Tuttavia, Jonna Jinton nel 2010 se n’è andata. Si è spostata circa mille chilometri più a nord, nel villaggio natale del nonno, Grundtjärn. E lì ha imparato, tra le altre cose, a padroneggiare un’antica tecnica vocale, chiamata kulning. Ci vogliono più o meno dodici ore di macchina per arrivare a Grundtjärn, nella contea di Västernorrland. Considerando che la Svezia conta appena dieci milioni di abitanti, e che la densità abitativa è di circa 22 abitanti per chilometro quadrato, quel primo viaggio per Grundtjärn dev’essersi svolto in mezzo a un paesaggio per lunghi tratti disabitato.
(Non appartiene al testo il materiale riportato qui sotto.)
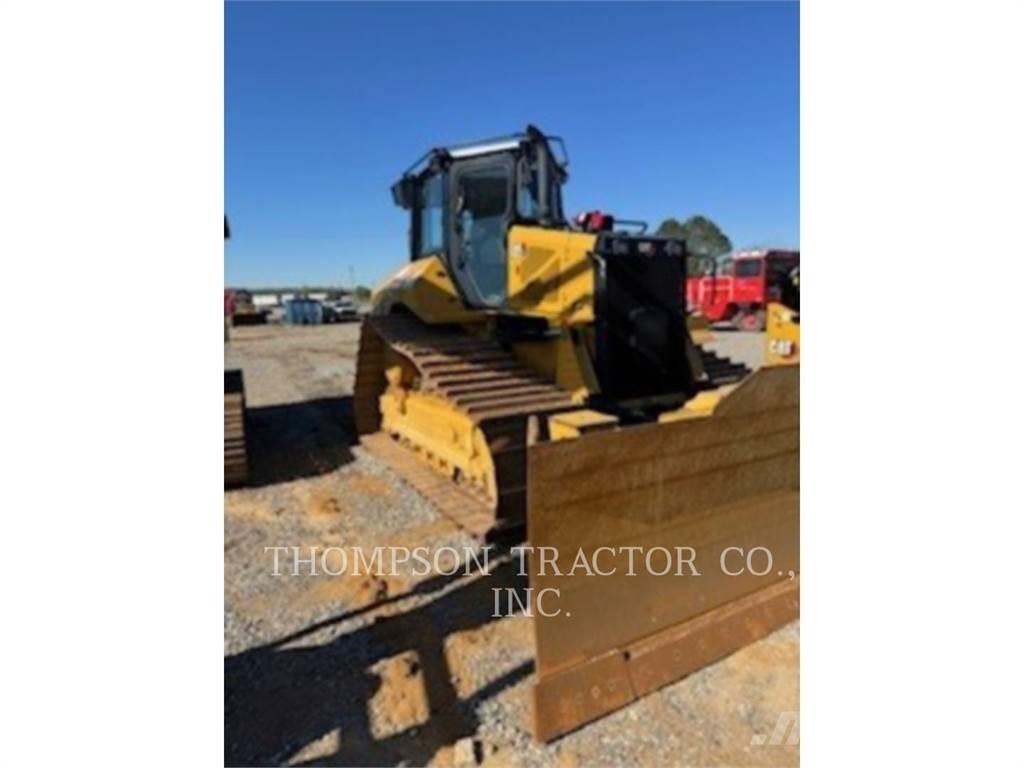 CAT D5 Buldožeri gusjeničari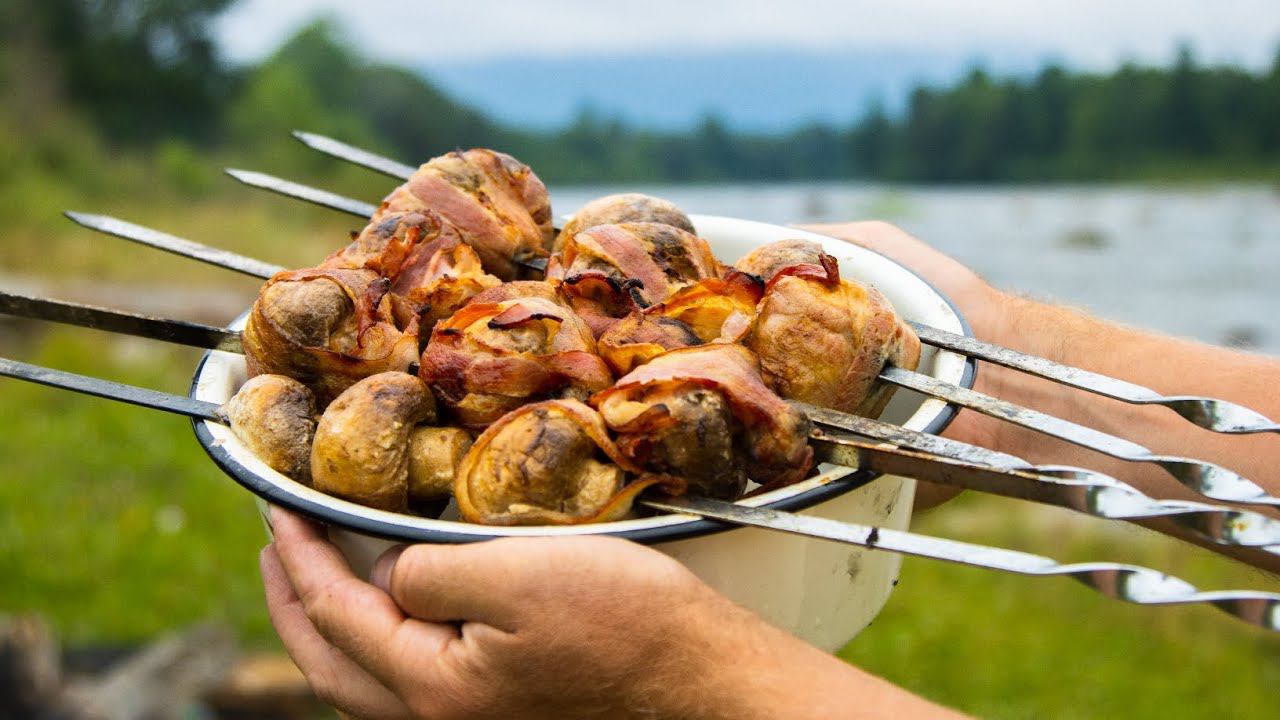 С такими грибами и мяса не надо! ШАМПИНЬОНЫ в беконе на мангале за несколько минут. смотреть онлайн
Jonna è una donna giovane, dai lunghi capelli dorati, biondi, quasi lattescenti, simili a un grande fascio di grano; corpo flessuoso, portamento regale, un viso aperto, pronto all’incanto e all’estasi. L’abitudine a fotografarsi in abiti dal gusto folk, e in contesti di grande suggestione, crea intorno a Jonna un’aura mistico-pagana, anche se un po’ convenzionale e patinata. A Grundtjärn, dove si è trasferita, vivono appena dieci persone. Il sogno era quello di lasciarsi alle spalle Goteborg e riscoprire, nell’isolamento, le virtù terapeutiche della natura e del paesaggio. “I started with nothing but a dream. And today, I live my dream” scrive Jonna in un post fissato su Facebook. Sembra retorica autoimprenditoriale, del genere “le 10 frasi più belle di Steve Jobs”. E senz’altro, in parte, lo è. Pur cercando la solitudine, Jonna ha aperto un sito, un profilo Instagram e un videoblog su YouTube, dove racconta la sua esperienza di vita nel grande nord, parlando e confessandosi in clip di qualità cinematografica, che spesso sfiorano la durata di un mediometraggio. L’impostazione è quella confidenziale usata da diversi YouTuber: sguardo in camera e parlare al cuore; la voce, grazie agli standard di registrazione, arriva calda e sincera. Video e foto si servono di un’estetica solenne, di tipo pubblicitario, e descrivono i paesaggi mozzafiato della più profonda e spopolata natura scandinava. Le panoramiche spettacolari, le riprese dall’alto sulle abetaie grigie e fumose, sono realizzate grazie all’obiettivo di un drone. Prati, querce, laghetti gelati dove Jonna s’immerge anche d’inverno (per provare a sé stessa di essere più forte di ciò che crede), distese innevate e, in primavera, fiumiciattoli e boschetti muschiosi, colorati di quella tonalità di verde scuro celebrata anche in molte sequenze del cinema di Tarkovskij.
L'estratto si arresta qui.